L’étude des sédiments marins est une activité très ancienne du Shom avec de premières acquisitions de la nature des sédiments dans les années 1800. A la fin du 19ème siècle le service hydrographique publiait une première carte des sédiments de la Mer d’Iroise à partir de prélèvements de sédiments effectués en grand nombre avec le plomb suiffé mais aussi, dès cette époque avec des bennes et des carottiers. Comme les autres sciences, la sédimentologie est soumise à une croissance et à une diversification des techniques utilisées, à une interaction accrue avec d'autres sciences et à une fragmentation de l'information. L'arrivée successive des nouveaux systèmes de prélèvement, de systèmes d'imagerie acoustique et de données de la morphologie des fonds de plus en plus précises a généré une amélioration de la précision des données et de la connaissance des processus.
Chaque année, les surfaces étudiées avec les moyens nautiques actuellement utilisés couvrent moins de 1% des plateaux continentaux. Il est donc impossible d'avoir une couverture globale de qualité homogène étudiée avec de nouveaux systèmes. La solution mise en œuvre consiste donc à rechercher toutes les données, à les intégrer dans la base de données sédimentologiques du Shom puis à produire des cartes de sédiments à différentes échelles allant du 1/10 000 pour les études d’impact au 1/500 000.
Il est ainsi de plus en plus nécessaire de disposer de cartes des sédiments très précises près des côtes et de cartes des fonds marins à moyenne échelle sur le plateau continental et les grand-fonds océaniques.
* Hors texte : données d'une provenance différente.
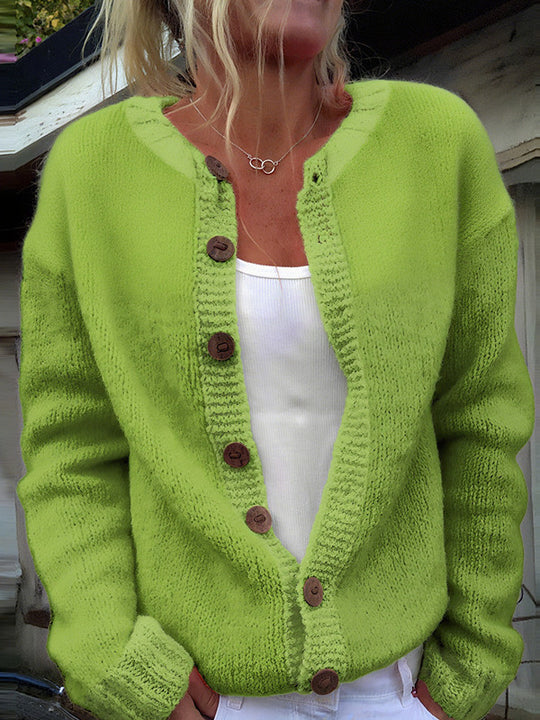 Damen nan kuscheliger Strickcardigan mit Zierholzknöpfen und Rundhalsausschnitt EB
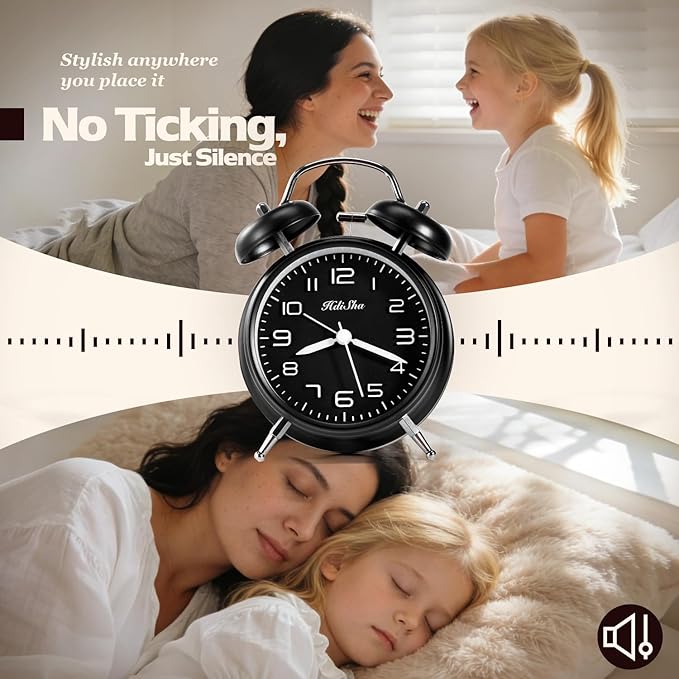 Loud Alarm Clock for Heavy Sleepers, 6 inch Battery Operated Twin Bell Alarm Clock with Night Light, Silent Non Ticking Analog Small Clock Decor for Bedroom, Bedside, Living Room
Il faudra néanmoins plus d'un siècle avant de disposer d'une cartographie basée sur des données acquises avec des moyens modernes. La solution adoptée par le Shom ici est de partir d'une connaissance approximative établie avec les moyens du passé et de la compléter progressivement avec les données les plus récentes afin de disposer de cartes sédimentaires locales et globale à jour de la connaissance.
La dynamique des sédiments
La nature des fonds marins peut être résumée à 4 classes principales : la roche, les cailloutis et graviers, les sables et les vases.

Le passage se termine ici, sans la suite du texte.